- _About this exercise_: Every record below is to be retyped exactly, with the pictures left out.

(Collected data entries)
+++
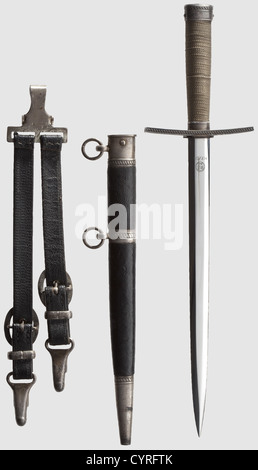 Un modèle 37 de la jeune dagger d'Hitler, avec suspension à lame polie, le côté opposé gravé avec la devise 'Blut und Ehre!' (sang et honneur!), et le reverse estampillé 'RZM' et 'M 7/36' pour Hörster Solingen, avec la croix plaquée argent et le pommel de fer, la poignée liée avec le fil. Barde de fer recouvert de cuir noir et de garnitures argentées. Partiellement terni. Longueur 34.5 cm. Suspension en cuir noir avec supports en métal plaqué argent. Très rare dagger,historique,historique,1930,1930,20th Century,throuning,thrustings,arme de main,armes de main,,droits additionnels-Clearences-non disponible Banque D'Images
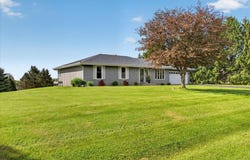 6137 Upper Ridge Way, ROSCOE, IL 61073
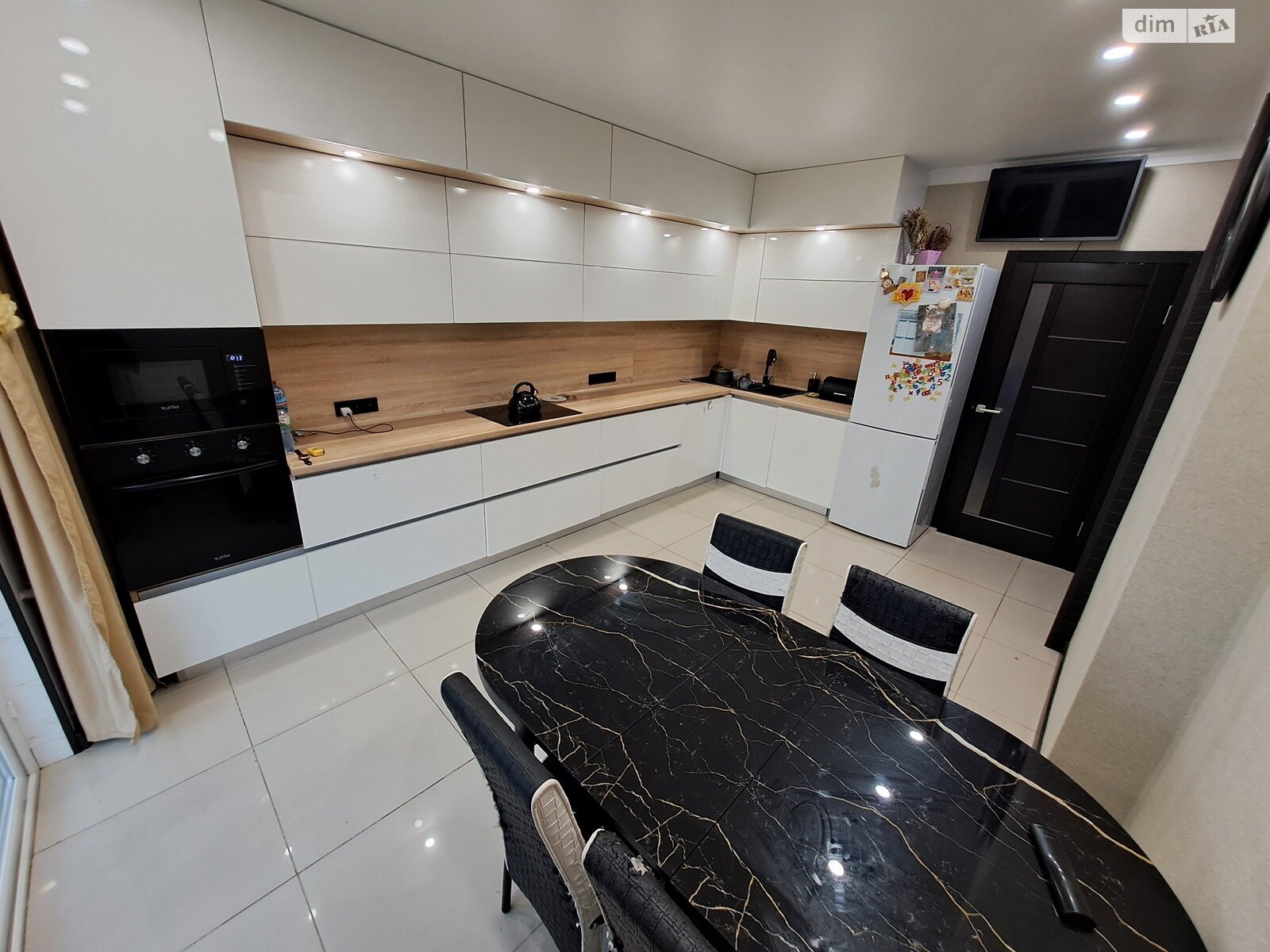 двухэтажный дом с гаражом, 106.6 кв. м, кирпич. Продажа в Молодежном фото 1 двухэтажный дом с гаражом, 106.6 кв. м, кирпич. Продажа в Молодежном фото 1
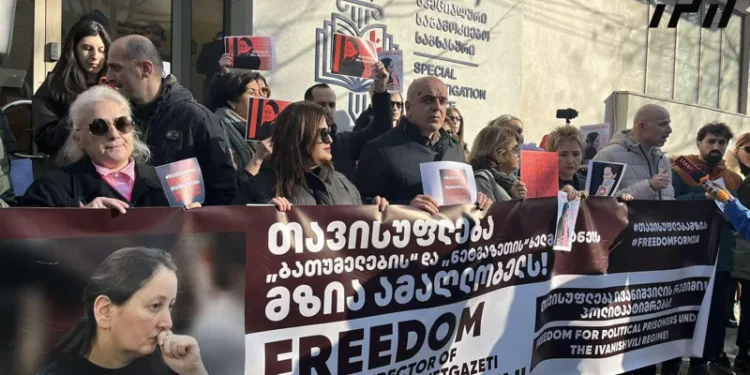 მედიის წარმომადგენლები სპეციალურ საგამოძიებო სამსახურთან მზია ამაღლობელის მხარდამჭერ მორიგ აქციას მართავენ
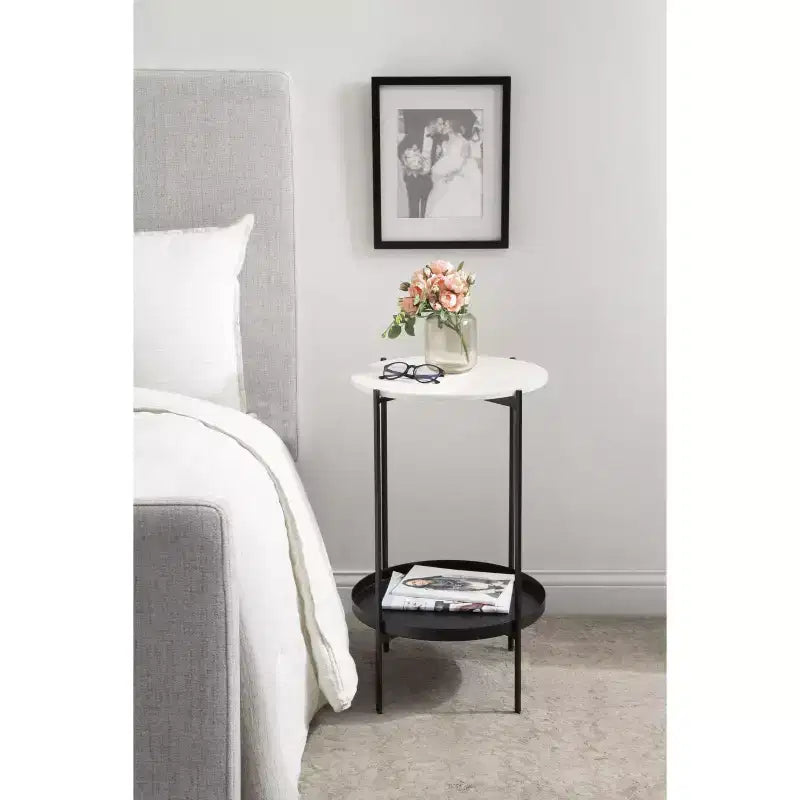 Table d'appoint somptueuse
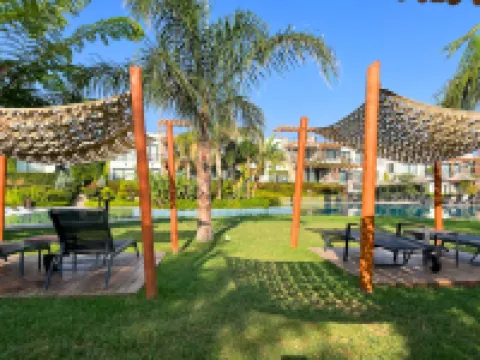 C6 Maldives Holiday Apartment with Sea View のホテル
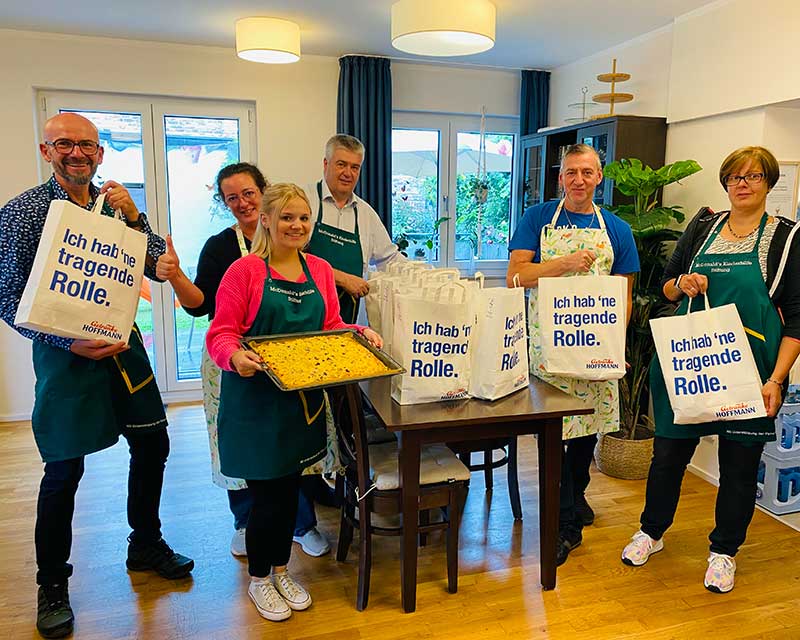 GH-Snacktüten-Aktion im Ronald McDonald Haus in Aachen Viele Hoffis aus der Zentrale in Haagen packten bei der GH-Snacktüten-Aktion mit an und lernten das Ronald McDonald Haus in Aachen kennen.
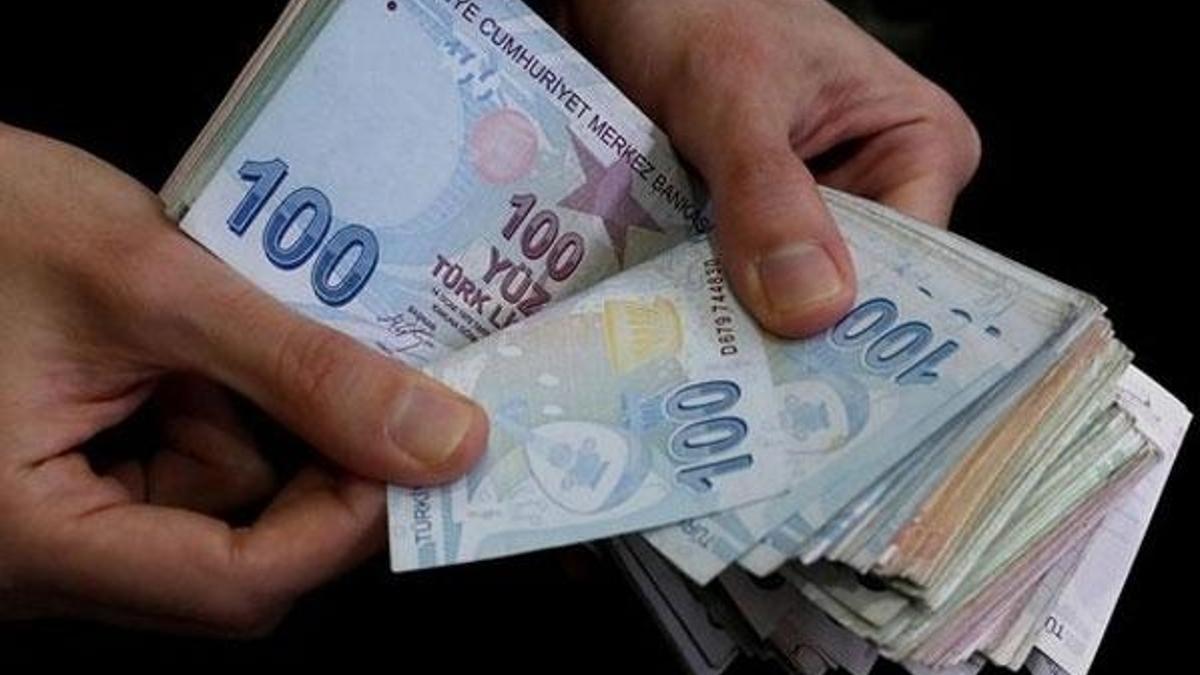 ‘TL cazip olacak kur dengelenecek’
+++
- _Result for this exercise_:
 Un modèle 37 de la jeune dagger d'Hitler, avec suspension à lame polie, le côté opposé gravé avec la devise 'Blut und Ehre!' (sang et honneur!), et le reverse estampillé 'RZM' et 'M 7/36' pour Hörster Solingen, avec la croix plaquée argent et le pommel de fer, la poignée liée avec le fil. Barde de fer recouvert de cuir noir et de garnitures argentées. Partiellement terni. Longueur 34.5 cm. Suspension en cuir noir avec supports en métal plaqué argent. Très rare dagger,historique,historique,1930,1930,20th Century,throuning,thrustings,arme de main,armes de main,,droits additionnels-Clearences-non disponible Banque D'Images
 6137 Upper Ridge Way, ROSCOE, IL 61073
 двухэтажный дом с гаражом, 106.6 кв. м, кирпич. Продажа в Молодежном фото 1 двухэтажный дом с гаражом, 106.6 кв. м, кирпич. Продажа в Молодежном фото 1
 მედიის წარმომადგენლები სპეციალურ საგამოძიებო სამსახურთან მზია ამაღლობელის მხარდამჭერ მორიგ აქციას მართავენ
 Table d'appoint somptueuse
 C6 Maldives Holiday Apartment with Sea View のホテル
 GH-Snacktüten-Aktion im Ronald McDonald Haus in Aachen Viele Hoffis aus der Zentrale in Haagen packten bei der GH-Snacktüten-Aktion mit an und lernten das Ronald McDonald Haus in Aachen kennen.
 ‘TL cazip olacak kur dengelenecek’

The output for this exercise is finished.